Time to review law of the sea
Updated: 2011-08-30 08:10
By Li Jinming (China Daily)
As tension heats up in the South China Sea, some bordering countries insist on solving the dispute simply within the framework of the United Nations Convention on the Law of the Sea (UNCLOS), but this insistence ignores history and violates inter-temporal law, a doctrine of international law.
As early as 1843, former United States secretary of state Abel P. Upshur wrote in an official letter: "A people's right to land discovered in the 16th century is determined on the basis of international law as understood at that time and not on the basis of improved upon or more enlightened views 300 years later."
Robert Y. Jennings, British scholar in international law and former president of the International Court of Justice, has said: "A juridical fact must be appreciated in light of the law contemporary with it, and not the law in force at the time when a dispute in regard to it arises or falls to be settled."
Speaking of Chinese people's discovery of Xisha and Nansha islands, Choon-Ho Park, South Korean expert in the law of the sea, expressed doubt whether modern international law is fully applicable to the historical facts of pre-modern times, saying that the discovery and use of these islands should be in line with the circumstances of that time instead of the interpretation of modern laws.
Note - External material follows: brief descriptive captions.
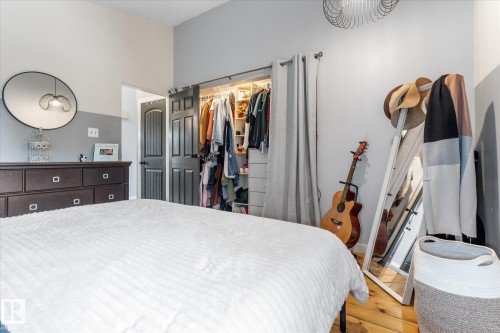 Bedroom featuring a closet with sliding barn doors, natural wood-finish flooring, and a contemporary light fixture - 4759 48 Street, Onoway, AB - Indoor Photo Showing Bedroom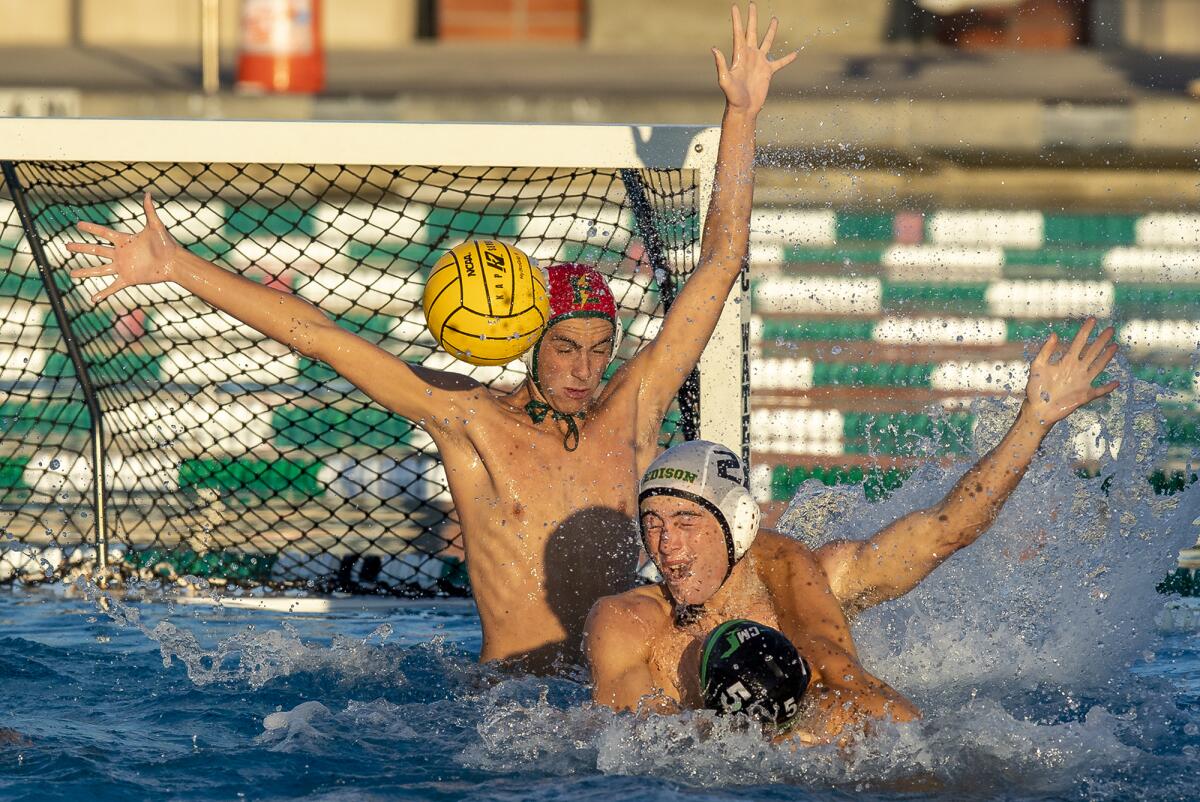 Edison goalkeeper Robert Johnson and Ethan Atwood defend against a shot from Costa Mesa's Wyatt Juelfs. 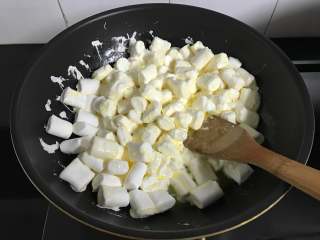 花生牛轧糖,放入棉花糖翻拌一下让棉花糖沾上黄油。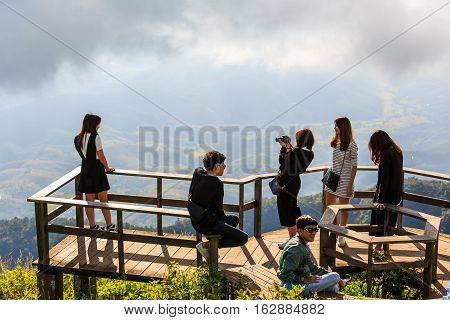 CHIANG MAI THAILAND - 06 NOVEMBER 2016 - Unidentified tourists enjoy taking their portrait photograph with nature background at Kew Mae Pan panoramic vantage point.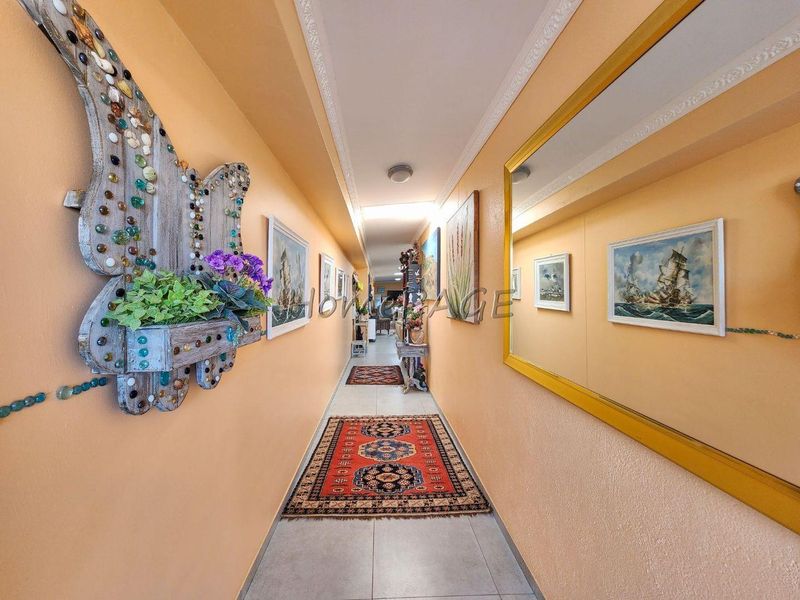 A long residential hallway featuring tiled flooring, crown molding, and warm-toned wall finishes, providing access to various rooms within the home.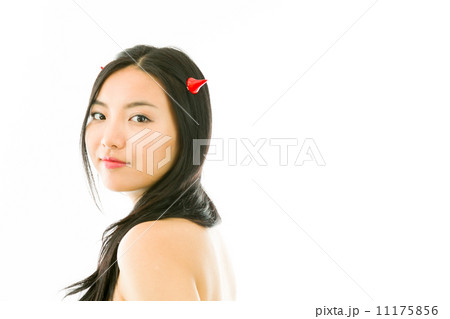 Devil side of a young naked Asian woman smiling 11175856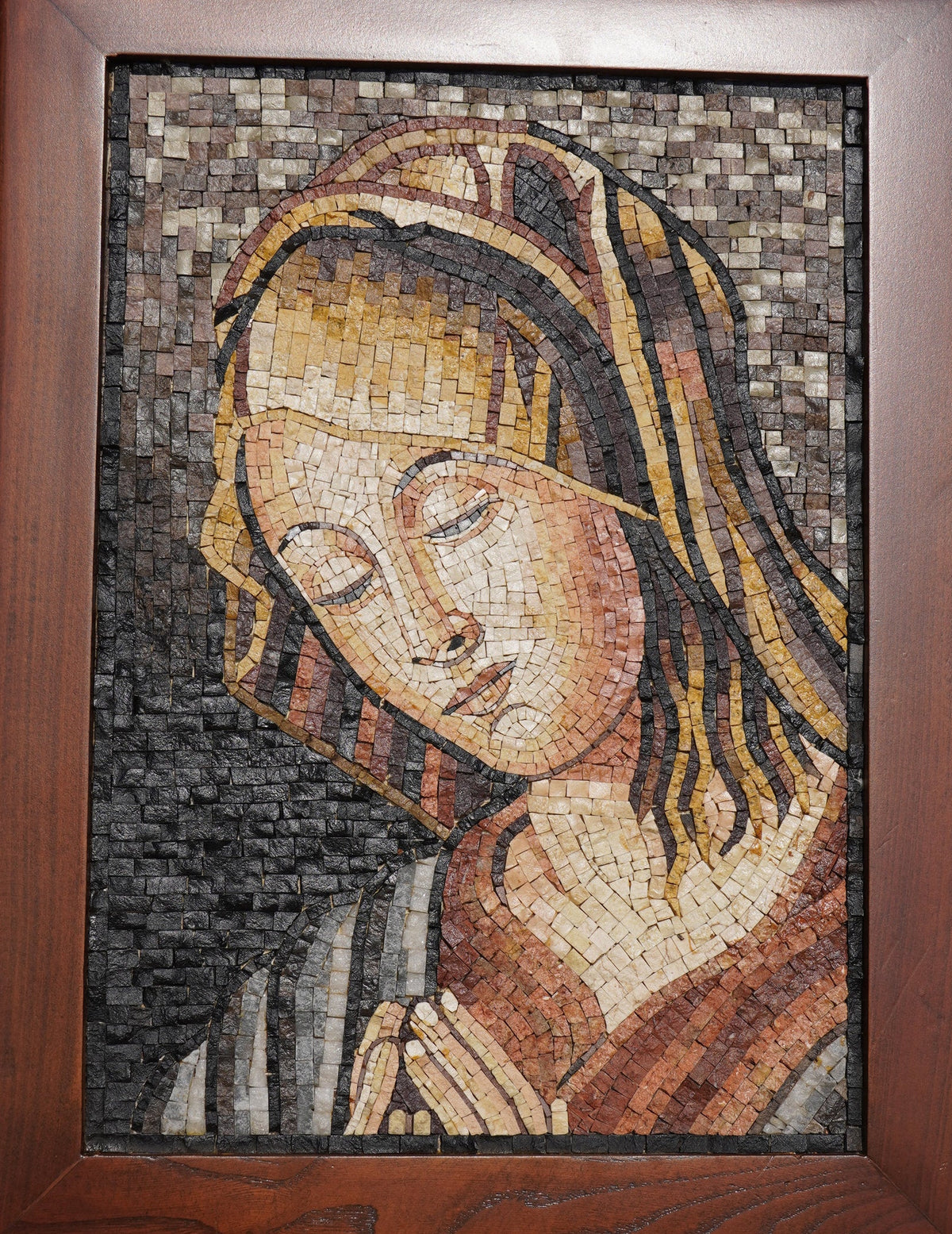 Intricate mosaic art depicting a serene figure with delicate facial features and warm earthy tones framed in rich wood.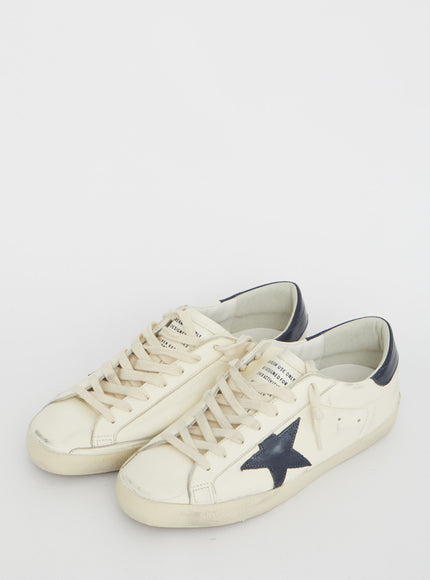 a white sneaker with a blue star on the side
L.F.L. Oppenheim's International Law: A Treatise says: "In former times, the two conditions of possession and administration, which now make the occupation effective, were not considered necessary for the acquisition of territory through occupation". In Oppenheim's opinion, in the age of discovery, some symbolic act other than "effective occupation" was enough to justify the acquisition of territory in light of the law contemporary with it. It was not until the 18th century that international law entailed "effective occupation", and only in the 19th century did countries conform to such regulations in their practices.
Viewed in this light, inter-temporal law can play a key role in solving historical territorial disputes. China's sovereignty claim over the Xisha and Nansha islands can be justified from two aspects.
On one hand, China's sovereignty claim over the Nansha Islands can be traced back to centuries ago when there were fewer conditions for establishing title. Just as Daniel J. Dzurek, an US geographer, wrote, because the Nansha Islands and reefs were minuscule and had little economic importance until the development of extended jurisdiction under the new law of the sea, the claimants made little effort to secure clear title to them by means of occupation.
On the other, in the early 20th century, China mainly occupied the major islets of the two archipelagoes, such as the Yongxing Island and the Taiping Island, because in light of the law of the sea in force at that time, a country did not have to occupy every islet, rock and reef to claim its sovereignty over an archipelago, especially when the rest of the islets were faraway and hard to be reached.
China did not often reiterate its sovereignty over the islands before World War II, because it was universally acknowledged that a country does not have to frequently claim its sovereignty when there is no strong sovereignty request from other countries. Such a principle has been widely adopted in solving territorial disputes, including the 1928 Island of Palmas Case, 1931 Clipperton Island Arbitration and the 1933 Legal Status of Eastern Greenland.
Although UNCLOS is now the law in force to regulate maritime activities, it cannot deny China's historical rights over the Nansha Islands. China's traditional maritime border took shape in 1947, 47 years before UNCLOS came into force in 1994, when concepts such as continental shelf and exclusive economic zone were not yet known. Just as Chao Kuo-tsai, an expert in international law at Taiwan-based "National Chengchi University", has said, vested right is restricted by the law contemporary with it and cannot be withdrawn by laws coming into force later.
Moreover, according to UNCLOS, a coastal country enjoys certain rights over its exclusive economic zone, but such rights are restricted to the natural resources and the country has no sovereignty title over the islands in the region. Therefore, the surrounding countries in the South China Sea cannot use the exclusive economic zone as an excuse to forcibly occupy China's Nansha Islands, even though some of these islands are less than 200 nautical miles from their coastal baselines.
After UNCLOS came into force, some surrounding countries in the South China Sea have been using its articles beneficial to them to claim sovereignty and jurisdiction rights over the islands, and thus intensifying the disputes. The intensified disputes make the implementation of UNCLOS questionable.
Kriangsak Kittichaisaree, former legal officer in Thailand's Ministry of Foreign Affairs, has said: "The 1982 Law of the Sea Convention merely set a 'goal' to be achieved but is silent as to the method to be followed to achieve it. It restricts itself to setting a 'standard', leaving it to the States themselves, or to the Courts, to endow this standard with specific content".
By manipulating the shortcomings of UNCLOS, the surrounding countries have forcibly occupied China's Nansha Islands, are hindering China's offshore oil drilling, and driving away and even sinking Chinese trawlers. Confronted with such threats, China should consider its own situation before enforcing UNCLOS, clearly stipulating its rights over its exclusive economic zone and continental shelf. This is a basic right of a sovereign country and the right way to defend the country's sovereignty and maritime interests.
The author is a professor at the Center for Southeast Asia Studies, Xiamen University, Fujian province.